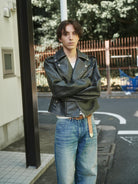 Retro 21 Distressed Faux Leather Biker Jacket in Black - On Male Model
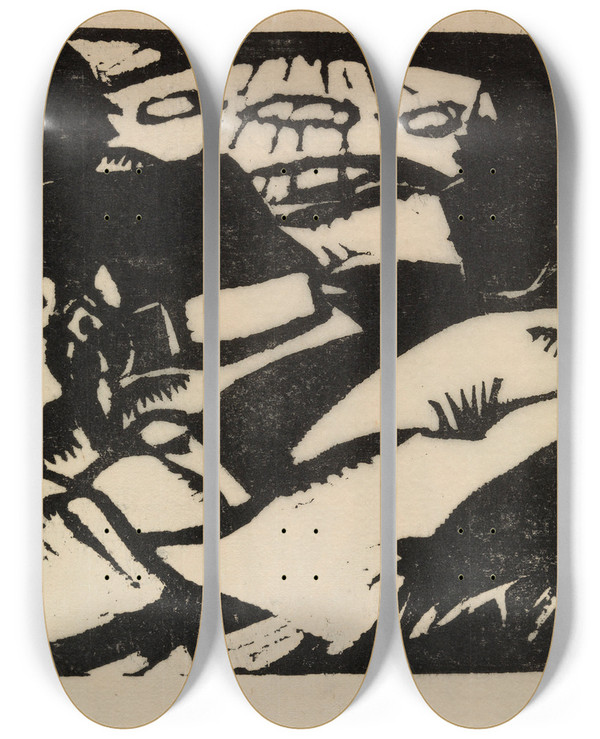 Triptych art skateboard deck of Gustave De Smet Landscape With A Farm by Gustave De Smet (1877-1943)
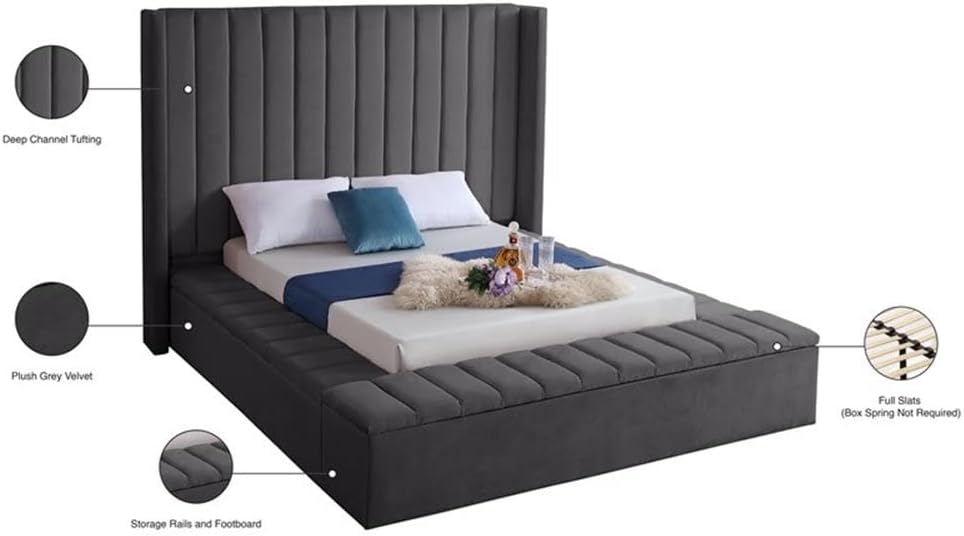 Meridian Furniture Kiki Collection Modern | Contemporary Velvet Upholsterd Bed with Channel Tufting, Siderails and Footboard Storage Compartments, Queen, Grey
___
Work to complete: Your answer must be the lines from the line containing "Triptych art skateboard" through the final line of the data, written out exactly, both ends included and pictures left out.

Solved exercise:
 Triptych art skateboard deck of Gustave De Smet Landscape With A Farm by Gustave De Smet (1877-1943)
 Meridian Furniture Kiki Collection Modern | Contemporary Velvet Upholsterd Bed with Channel Tufting, Siderails and Footboard Storage Compartments, Queen, Grey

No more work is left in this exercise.